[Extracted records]
== Segment start ==
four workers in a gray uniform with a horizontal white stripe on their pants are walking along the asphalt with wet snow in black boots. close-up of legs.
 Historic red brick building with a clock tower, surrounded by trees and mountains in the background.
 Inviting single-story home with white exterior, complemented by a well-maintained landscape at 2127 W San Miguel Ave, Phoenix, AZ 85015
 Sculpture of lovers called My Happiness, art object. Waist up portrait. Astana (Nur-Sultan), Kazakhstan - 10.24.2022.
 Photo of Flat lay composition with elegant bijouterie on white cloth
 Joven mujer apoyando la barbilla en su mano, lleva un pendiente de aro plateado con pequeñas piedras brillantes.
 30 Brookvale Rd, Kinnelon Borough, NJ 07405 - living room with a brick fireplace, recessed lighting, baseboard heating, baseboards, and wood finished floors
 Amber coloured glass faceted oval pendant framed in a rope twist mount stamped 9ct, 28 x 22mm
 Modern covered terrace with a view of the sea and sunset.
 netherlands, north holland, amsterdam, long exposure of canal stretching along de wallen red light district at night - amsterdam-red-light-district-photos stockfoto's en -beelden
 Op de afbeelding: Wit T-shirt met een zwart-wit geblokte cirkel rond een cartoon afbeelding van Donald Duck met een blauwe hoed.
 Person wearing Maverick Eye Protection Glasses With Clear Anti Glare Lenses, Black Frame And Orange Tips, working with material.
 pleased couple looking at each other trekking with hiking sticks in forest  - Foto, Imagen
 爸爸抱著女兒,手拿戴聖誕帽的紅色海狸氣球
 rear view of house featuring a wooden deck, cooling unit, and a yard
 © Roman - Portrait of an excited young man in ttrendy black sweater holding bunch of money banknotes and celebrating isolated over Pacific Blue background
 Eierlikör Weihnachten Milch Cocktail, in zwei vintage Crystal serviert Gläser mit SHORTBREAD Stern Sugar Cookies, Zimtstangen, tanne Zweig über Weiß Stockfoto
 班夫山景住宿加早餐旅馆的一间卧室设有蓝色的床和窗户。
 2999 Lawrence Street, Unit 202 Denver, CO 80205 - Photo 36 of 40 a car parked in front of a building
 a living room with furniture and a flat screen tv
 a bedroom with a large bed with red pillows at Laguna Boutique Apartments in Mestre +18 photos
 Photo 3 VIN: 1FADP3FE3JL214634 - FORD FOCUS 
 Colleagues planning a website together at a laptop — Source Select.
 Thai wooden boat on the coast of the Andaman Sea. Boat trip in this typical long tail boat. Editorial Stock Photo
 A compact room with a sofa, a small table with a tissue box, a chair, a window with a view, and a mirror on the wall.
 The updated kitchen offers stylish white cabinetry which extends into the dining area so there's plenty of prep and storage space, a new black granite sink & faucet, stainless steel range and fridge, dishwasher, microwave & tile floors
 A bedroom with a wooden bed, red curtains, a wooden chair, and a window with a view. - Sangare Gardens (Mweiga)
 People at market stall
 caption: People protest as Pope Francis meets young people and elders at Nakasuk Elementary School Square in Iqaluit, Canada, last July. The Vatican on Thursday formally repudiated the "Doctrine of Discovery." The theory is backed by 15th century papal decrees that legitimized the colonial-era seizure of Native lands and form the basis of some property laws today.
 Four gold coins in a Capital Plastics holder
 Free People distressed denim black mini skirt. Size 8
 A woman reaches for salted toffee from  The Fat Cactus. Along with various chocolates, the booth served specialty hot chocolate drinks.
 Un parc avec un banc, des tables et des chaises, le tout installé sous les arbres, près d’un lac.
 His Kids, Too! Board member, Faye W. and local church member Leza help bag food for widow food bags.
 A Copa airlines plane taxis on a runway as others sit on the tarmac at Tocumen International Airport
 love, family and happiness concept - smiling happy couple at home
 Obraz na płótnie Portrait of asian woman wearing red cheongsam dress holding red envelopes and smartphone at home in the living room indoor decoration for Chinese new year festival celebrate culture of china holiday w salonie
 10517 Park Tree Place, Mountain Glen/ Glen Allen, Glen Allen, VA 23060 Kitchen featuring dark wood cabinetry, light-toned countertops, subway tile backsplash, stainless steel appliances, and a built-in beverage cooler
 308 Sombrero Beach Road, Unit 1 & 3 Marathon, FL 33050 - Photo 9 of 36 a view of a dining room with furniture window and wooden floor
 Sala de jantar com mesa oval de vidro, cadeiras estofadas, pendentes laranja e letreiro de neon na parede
== Segment end ==
ABOUT THIS TASK:
From the line that has "caption: People protest" through the line that has "A Copa airlines", copy every line exactly as it appears above, and leave out all others.

ANSWER SPACE:
 caption: People protest as Pope Francis meets young people and elders at Nakasuk Elementary School Square in Iqaluit, Canada, last July. The Vatican on Thursday formally repudiated the "Doctrine of Discovery." The theory is backed by 15th century papal decrees that legitimized the colonial-era seizure of Native lands and form the basis of some property laws today.
 Four gold coins in a Capital Plastics holder
 Free People distressed denim black mini skirt. Size 8
 A woman reaches for salted toffee from  The Fat Cactus. Along with various chocolates, the booth served specialty hot chocolate drinks.
 Un parc avec un banc, des tables et des chaises, le tout installé sous les arbres, près d’un lac.
 His Kids, Too! Board member, Faye W. and local church member Leza help bag food for widow food bags.
 A Copa airlines plane taxis on a runway as others sit on the tarmac at Tocumen International Airport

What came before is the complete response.